Protecting User Privacy

	There are 2 issues regarding user privacy.

	1. Removing user data:
		Leave only protocol headers and remove protocol
		payload which could contain user data.
	2. Providing anonymity:
		Scramble addresses which could be used to identify a
		user.

	See Appendices for details.

2. Making WIDE traffic traces open to the public

Motivation

	It is essential to the Internet research community that latest
	traffic data sets are easily-accessible by researchers.

	Research based on open data sets can be confirmed or analyzed
	further by someone else, which leads to deeper studies.

	WIDE is very unique in that WIDE network is a large testbed still
	carrying real user traffic.  Other networks carry commercial 
	traffic these days, and thus, will not be able to make their
	traces open to the public. 
	WIDE networks also carry new or experimental technologies such 
	as IPv6 and DiffServ.

Use of trace data

	Traffic data can be used only for research purposes.  
	It is prohibited to use traffic data for other than research.
	Care should be taken not to trespass upon users' privacy.

Target Traffic

	Protocol: IP version 4 and IP version 6.

	Sampling points: several points within the WIDE backbone.
		(we will not provide information regarding their
		specific places.)

Appendix A  Rules for Removing Payload

	As a general rule, remove payload of TCP and UDP which
	contains users' private information.

	If another protocol header exists on top of a TCP or UDP
	header and the inner header does not contain user private
	information, the inner header can be maintained.
	If it is difficult to judge whether a header contains user
	private information or not, the header should be removed as a
	precaution. 

Appendix B  Rules for address scrambling

	Provide anonymity to individuals and organizations by
	scrambling source and destination addresses in IP headers.

	There are 2 levels in address scrambling.  Chose an
	appropriate method according to purposes.

		(1) Full scrambling
		    Scramble IP addresses by mapping an IP address to
		    another IP address using a hash function.

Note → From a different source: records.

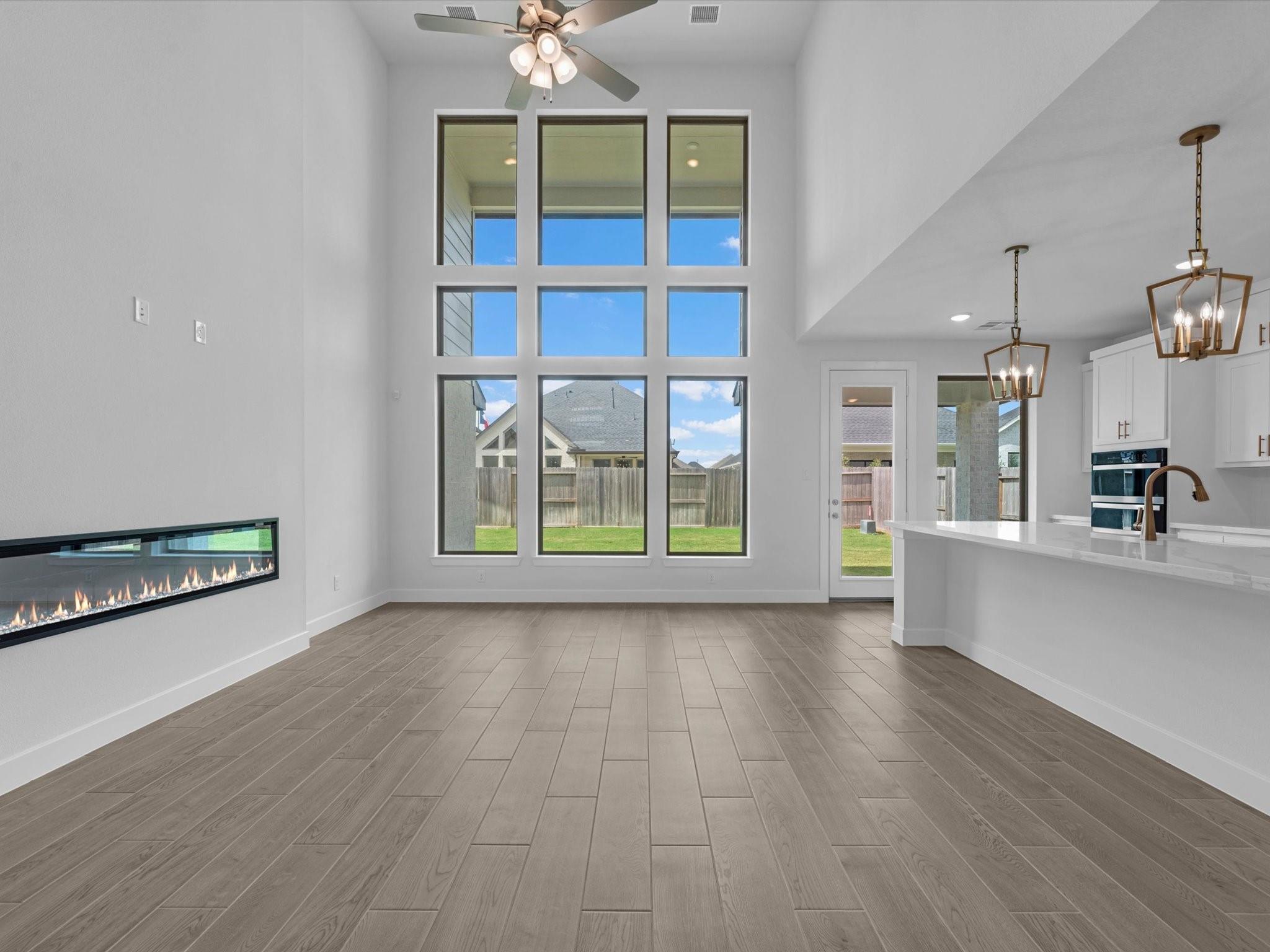8615 Beaming Creek Court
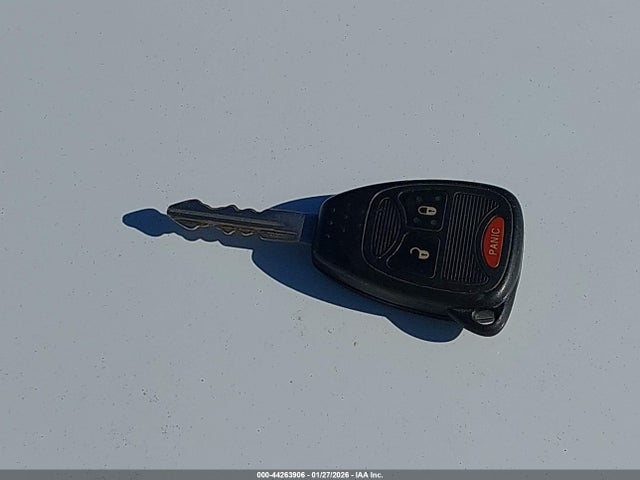 1C4NJCBA6GD675607 Jeep Compass Sport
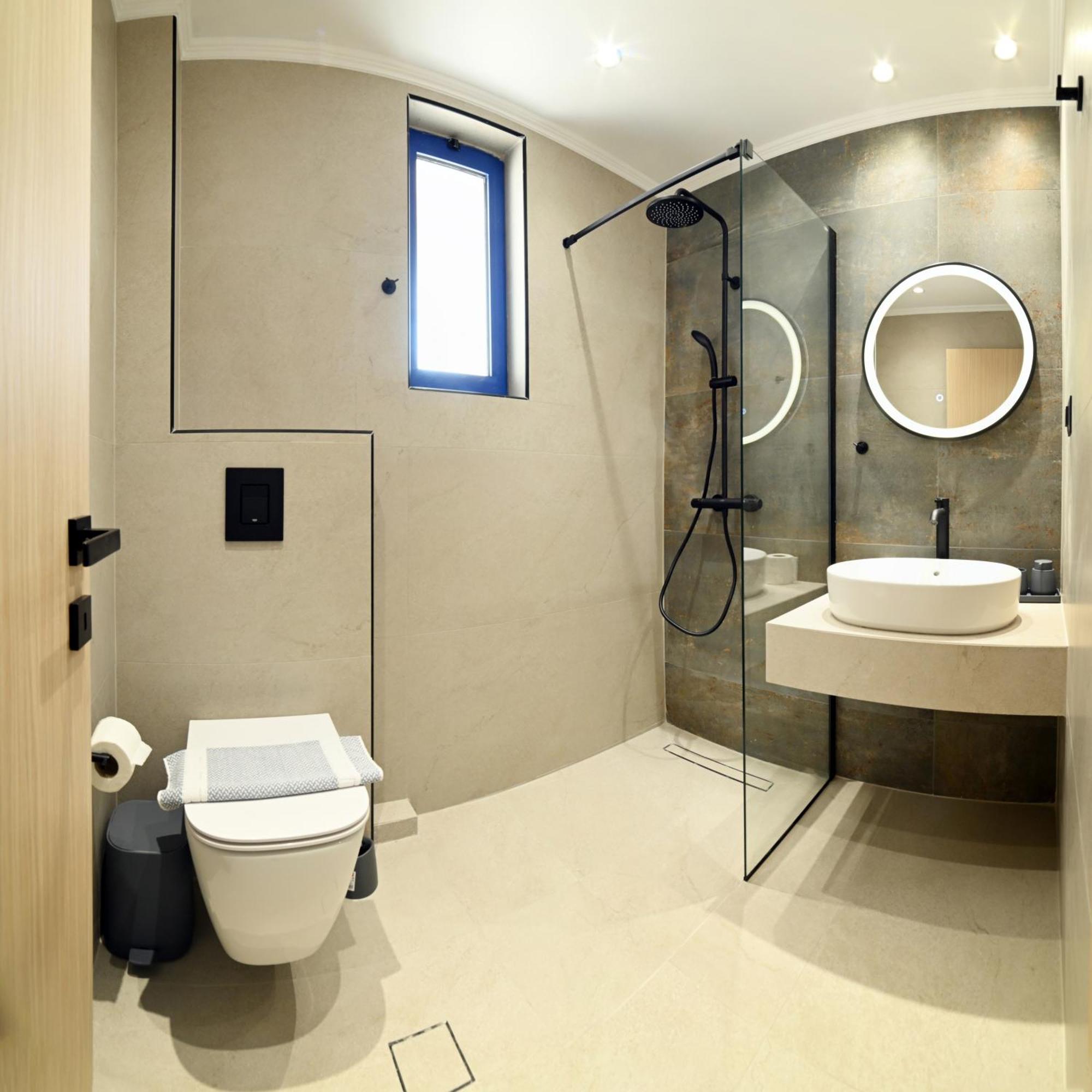 Sfakian Horizon Hotel 2*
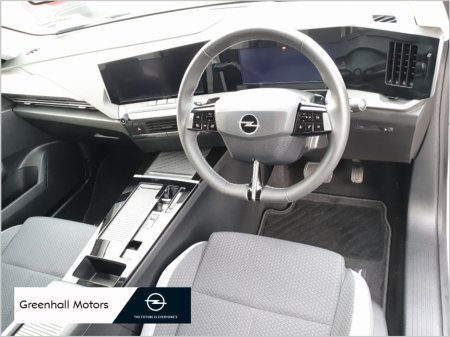 2025 Opel Astra - thumbnail 7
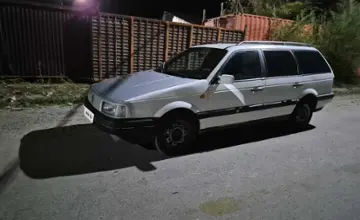 Volkswagen Passat 1992 года за 1 000 000 тг. в Алматы фото 2
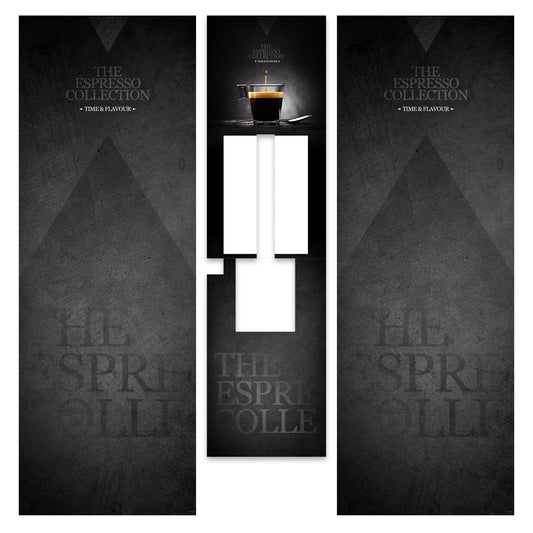 Necta Canto - Time & Flavour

		(2) Scrambling with address prefix preserved
		    When 2 IP addresses have a common address prefix,
		    they are mapped to addresses with a common address
		    prefix of the same length.

	Note that, although it preserves routing information, method
	(2) has a risk of being reverse-engineered (e.g., using
	well-known server addresses as a clue). 
	Chose an appropriate method according to the importance of
	anonymity in the trace and the purpose of the data set.

  Exceptional addresses
	Addresses not containing user identifiers may be left without
	scrambling.  Those addresses include broadcast addresses,
	multicast addresses, and private addresses.

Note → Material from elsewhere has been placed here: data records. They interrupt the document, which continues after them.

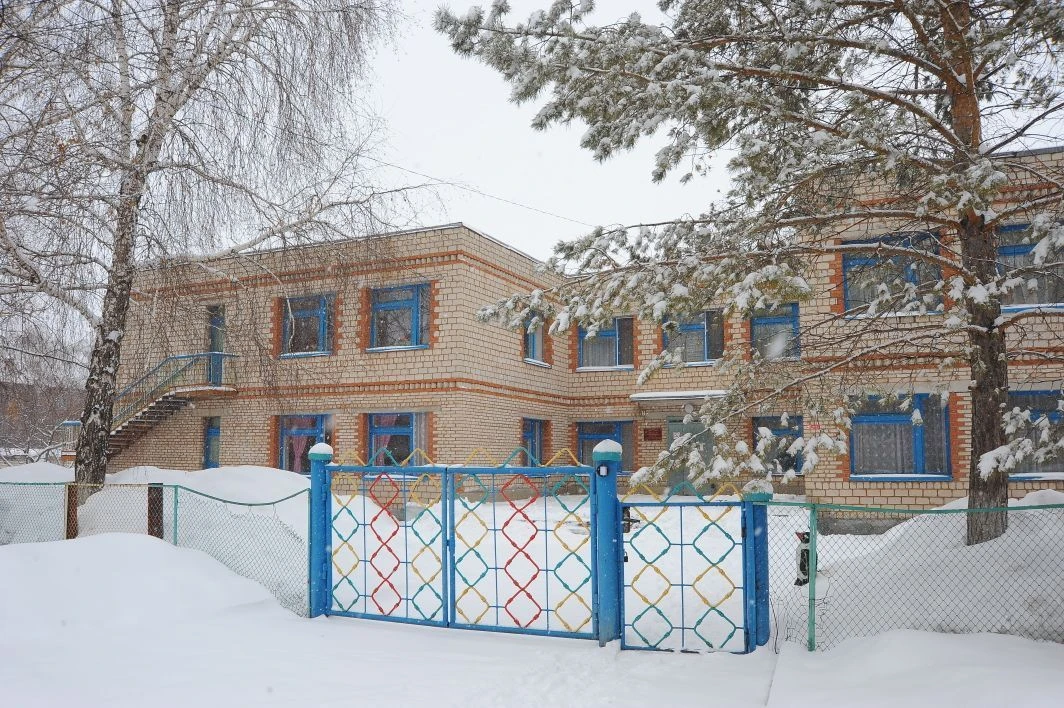 МБДОУ "Д/с № 23" г. Бугуруслан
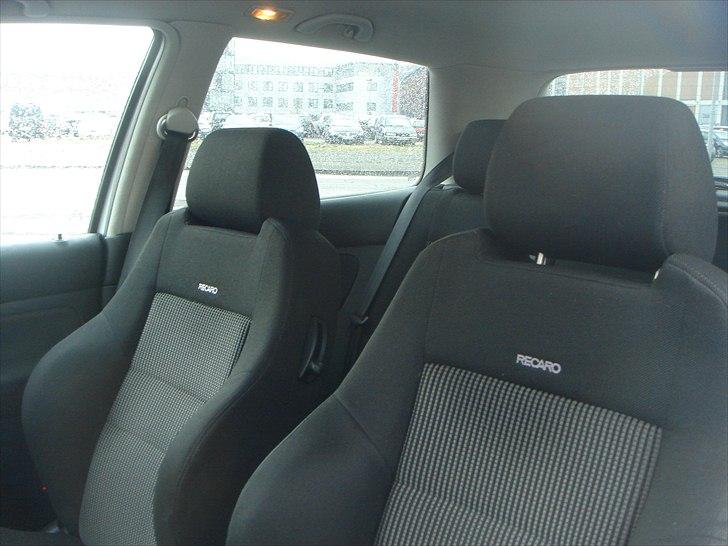 VW Golf 4 1,8 Turbo.. billede 15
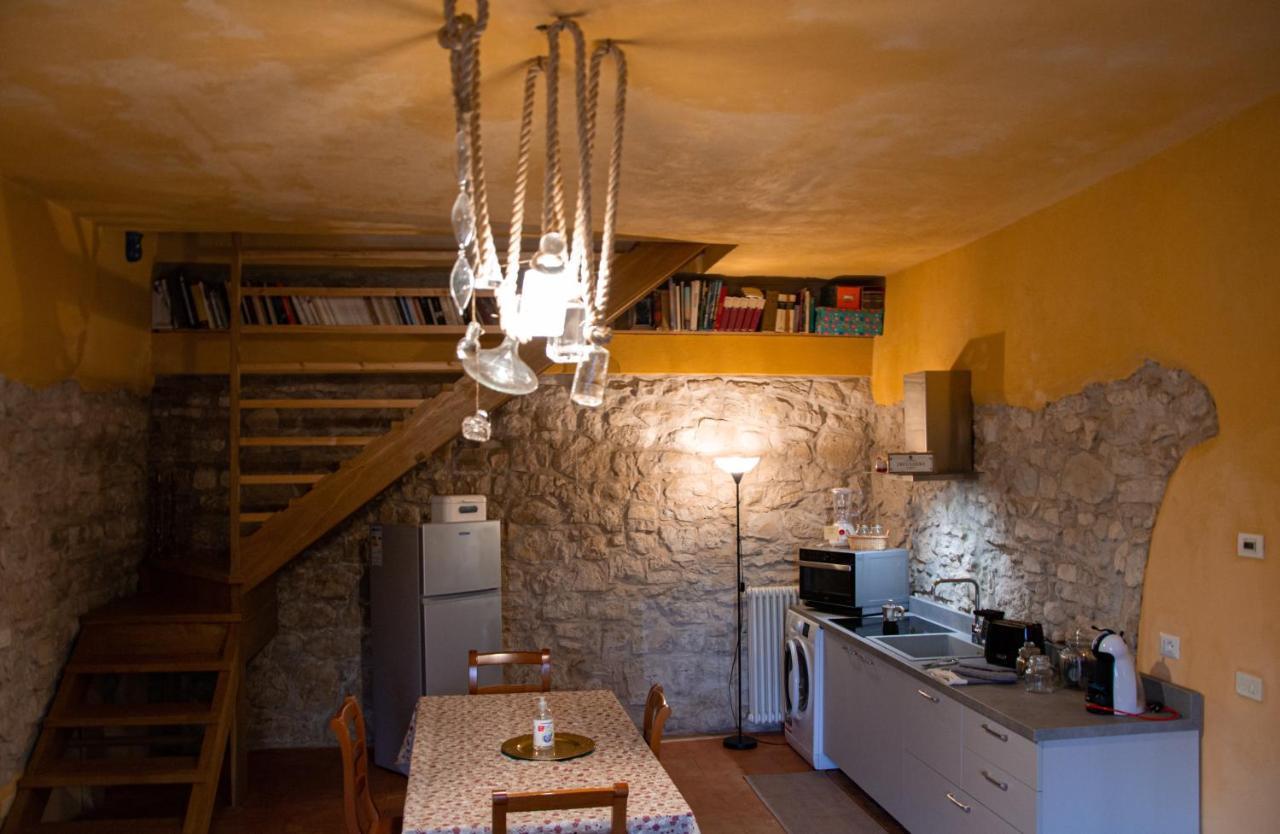 Due Archi Acomodação com café da manhã SantʼAmbrogio di Valpolicella Exterior foto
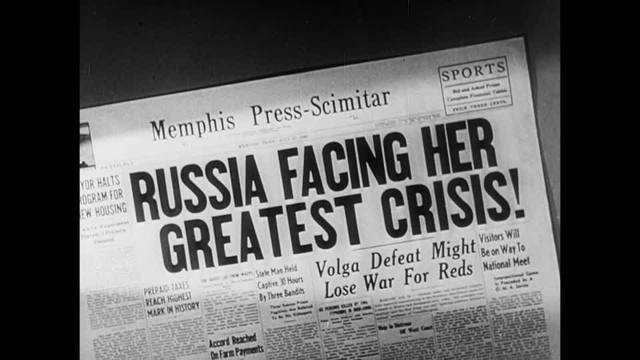 Battle of Stalingrad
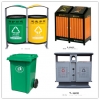 戶外環(huán)保果皮箱、垃圾桶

	In the case of IPv6, link-local addresses and site-local
	addresses could contain user MAC addresses.  Solicited-node
	multicast addresses contain lower bits of global addresses.
	Therefore, these addresses should be scrambled as well.

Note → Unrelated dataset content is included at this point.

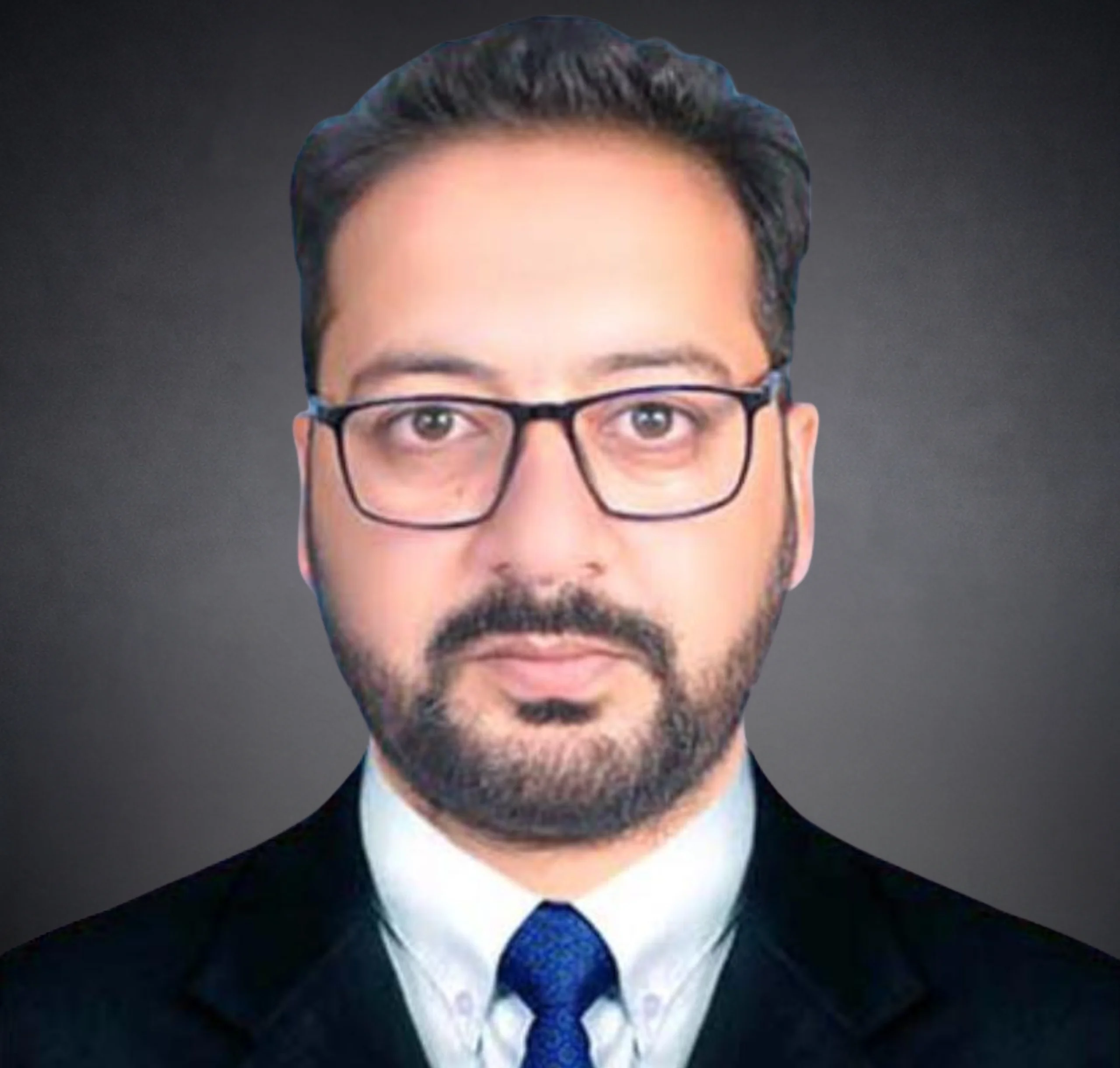 Dr. Attique Ur Rehman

  IP addresses contained in upper-layer headers
	IP addresses could be contained in upper-protocol headers
	(e.g., ICMP, DNS).  These addresses must be scrambled in the
	same manner, or removed.

  MAC addresses
	Many link-layer headers (e.g., Ethernet headers) contain
	MAC addresses.
	A MAC address contains vendor and model information which
	could be part of user privacy or lead to a security hole.
	However, a trace contains only MAC addresses of machines
	directly connected to the segment, and backbone networks
	usually have no ordinary users on the local segment.

	As long as there is no ordinary user on the local segment,
	MAC addresses may be left without scrambling because this
	guideline is only for user privacy.
	(privacy or security of network nodes is out of scope of this
	guideline.)
	
Unit of address scrambling
	There are several choices regarding address consistency
	between two or more data sets.
		(1) a single TCP session in a single data set is to be
		    mapped to the same address.
		(2) all occurrences of an address are to be mapped to
		    a single address within a data set.
		(3) all occurrences of an address are to be mapped to
		    a single address even in different data sets.
	Longer consistency is convenient for users but it also makes
	reverse engineering easier.
	Method (2) is recommended.

IP/TCP options
	An IP options can contain IP addresses.  Addresses in IP
	options should be scrambled in the same manner.  Otherwise, IP
	options should be replaced by NOP options, or removed.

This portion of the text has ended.